I got through the first level of Russian and Japanese, and halfway through the
second level of Russian. I'd say you get a decent feeling for the language,
more than I got from other attempts to learn languages. However, it never
tells you _why_ something is this or that way, you always have to figure that
out for yourself. For a lot of things that doesn't matter, but I kept
confusing the two counting words that are used in Japanese and it didn't give
a clear reason as to why you should use this one with this and that one with
that.

I think it'd work well on a tablet or so, since it uses only large buttons,
but back then touch screens weren't so common yet so I had to use a mouse. I
think I'd like it more if I had a tablet computer to use it on. There's all
kinds of fancy features like a form of speech recognition to test if you
actually pronounce it properly, but I haven't used that so I can't comment on
that either.

As whether it's worth the price, _cough_ I can't comment on that. Also depends
on how you have to spent ofc.

------
jfaucett
I'd say its not worth it at all though I last tried it a couple years back and
don't know what the current versions are like. But if they still use the same
click on a picture method, I'd say no. But it also depends on what your goals
are. For me I don't care about grammer or reading because I never need to use
this, all I need is to speak/understand spoken language. Anyway, I wouldn't
say I'm an linguist but I speak 4 languages fluently and have learned 3
foreign ones in my life and of all courses I've ever tried the pimsleur method
(<http://en.wikipedia.org/wiki/Pimsleur_method>) is the one I think best
simulates a real language environment if you're not fortunate enough to be
able to surround yourself in the language. Also I've found listening to the
radio in a foreign language is a big help because you're forced to concentrate
to know whats going on unlike tv.

hope this helps, good luck :)

------
daleharvey
Sorry for diverging from the topic, but I recently started learning spanish
and am finding <http://duolingo.com> an awesome resource. The points system
keeps me hooked very easily although I do find that I have to go search
somewhere else for actual explanations of certain concepts.

------
lewispollard
I've used it for Spanish, Swedish and Korean. Gotta say, it's much more useful
for a language where the grammar/writing system/etymology have something in
common with your native language. The whole learning by intuition thing seemed
to work for me with Swedish and Spanish (native English speaker) but not at
all with Korean.

Rosetta Stone tends to work by slowly introducing new words, language
constructs and such without explicitly telling you what they're trying to
teach you. You kind of figure it out after a couple of units. But I found that
while I could do that in the European languages, Korean was just too far
removed from English to be able to comfortably make that leap of
understanding.

------
GoTeamMN
I've never used Rosetta Stone, but it looks like a steep price tag.

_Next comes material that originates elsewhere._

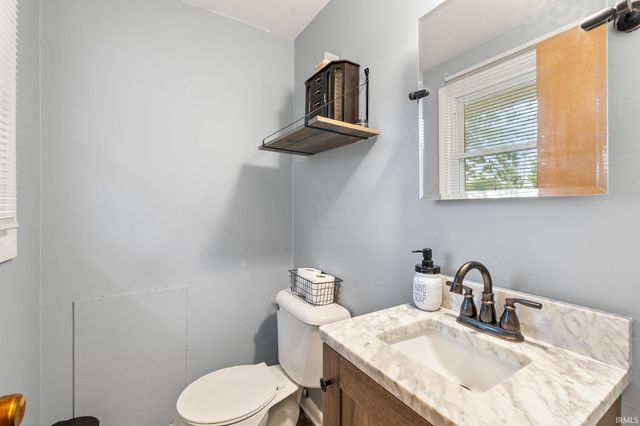 241 Tweedwood Drive, New Haven, IN 46774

Why don't you try some of the free online services to learn a language? After
participating for 4-6 weeks, you will understand your own commitment level and
then make the jump to invest in Rosetta Stone.

When I was learning french, it helped me when I watched TV in my own language
and read the subtitles in the language I was learning. I would then do the
reverse. Watch the show in the language I was learning and read the native
language subtitles.

Good luck,

Jenny

------
ronyeh
Try Pimsleur. You might be able to borrow some CDs from your local library.
Pimsleur's method is great, and helps me get the basics of a language very
quickly.

I have tried the Rosetta Stone demos, and decided that it wasn't worth the
price. They are basically fancy picture flash cards.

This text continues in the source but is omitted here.